The commission announced the most recent recall May 26. It was for about 12,500 Can-Am Mini DS ATVs for model years 2008 through 2015. The sizes of the engines on these youth model ATVs range from 70 cubic centimeters and 90 cubic centimeters. On both sides of the vehicle is the marking “Can-Am DS.”
“The youth ATVs fail to meet performance requirements of the federal ATV standard for maximum unrestricted speed and parking brakes, posing a crash hazard,” according to a commission statement. “Model year 2008 through 2014 DS 70 ATVs fail to meet requirements pertaining to the unrestricted maximum speed of the vehicle. Model years 2008 through 2015 DS 70 and DS 90 ATVs fail to meet requirements pertaining to parking brakes.”
The commission urges consumers to “immediately stop using the recalled ATVs and contact a BRP dealer to schedule a free repair. BRP is notifying registered consumers directly.”
The Can-Am recall is the second that the commission announced in 2015. In February, the agency announced the recall of more than 300 high-speed amphibious vehicles, including the Gibbs Quadski, which is a one-seater, and Quadski XL, which is a two-seater. These products operate as an ATV on land and as a watercraft.
“The handlebar can fail while the vehicle is in operation, causing the operator to lose control of the steering and braking system of the vehicle, posing a risk of injury,” according to the CPSC.
The commission further reported, “The recalled vehicles have HIN numbers ranging from US-GSA601J213 though US-GSAJ1048C414 on Quadski and US-GSAJ5001J213 though US-GSAM5203H415 on Quadski XL. HIN numbers are printed on a plate located on the right rear corner of the vehicle. Brand and model names are printed on the back panel and on the side of the vehicle.”
The commission, as it did with the BRP ATV, recommended that consumers stop using the vehicle and to take it to an authorized dealer for “a repair at no cost.”
Two ATV recalls took place in October 2014. The first pertained to more than 500 2013, 2014 and 2015 KYMCO MXU 700 ATVs, including standard, LE and Camo versions.
The commission described the KYMCO hazard as follows: “In hot environments or high elevations, the fuel cap can fail to vent properly, causing the fuel to heat up and pressure to build up in the tank. The pressure can cause the fuel tank to rupture or the fuel to boil out of the tank onto the operator or hot engine, resulting in burns to the operator or a fire.”
In addition to ceasing to use the vehicle and to take it to a KYMCO dealer for repair, the commission advised, “The original gas caps must be collected by the dealer to confirm the repair.”

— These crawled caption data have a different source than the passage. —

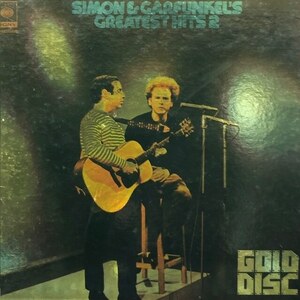 Simon & Garfunkel - Greatest Hits 2 Gold Disc（★盤面ほぼ良品！）（二つ折りジャケット ）　サイモンとガーファンクル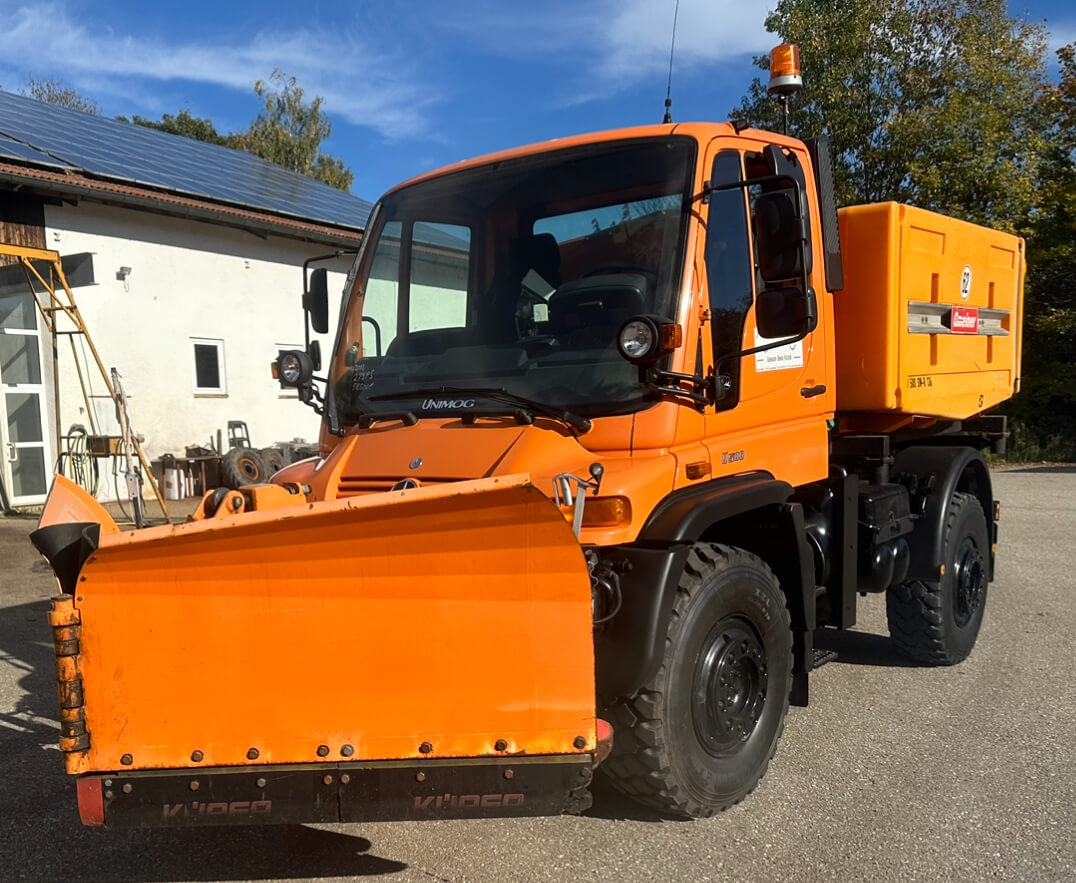 Unimog 500 - U500 Sonderangebot Mercedes Benz 405 - Camion basculantă: Foto 2 Unimog 500 - U500 Sonderangebot Mercedes Benz 405 - Camion basculantă: Foto 2
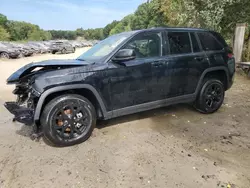 Jeep salvage cars for sale: 2024 Jeep Grand Cherokee Laredo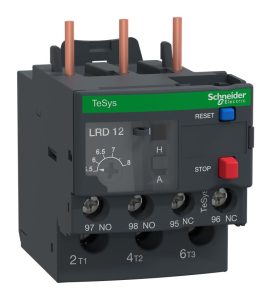 بيمتال 5.5 الی 8 آمپر مخصوص کنتاکتور سری LC1D09A...D38 اشنایدر کد LRD12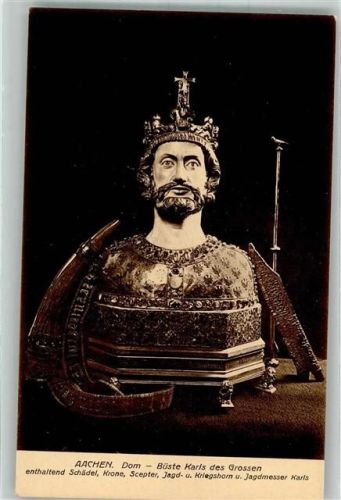Aachen Büste Karls d. Großen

Rounding out the four CPSC-announced ATV recalls since the fall was the announcement in regard to about 40,000 of the Arctic Cat single-rider and 2 UP style ATVs for model years 2008 and 2009.
“Components in the front gear case can fail, posing a risk of loss of control and crash hazard,” according to the commission, which further explained, “All model year 2008 Arctic Cat ATVs with 400 cubic centimeter and larger engines are being recalled. Model year 2009 Arctic Cat ATVs with 400 cubic centimeter and larger engines and with production numbers within the following ranges are being recalled: 200001 through 203861, 808001 through 808137, and X25082 through X30243.”
Taking the vehicle to an authorized dealer for repair, without continuing to ride, is essential in this case as well, according to the commission.
Consumers might want to heed the commission’s recommendations in regard to receiving the proper repairs. Additionally, riders who are injured due to a product defect may be entitled to compensation; hence they have a right to contact an attorney to determine what their legal rights are.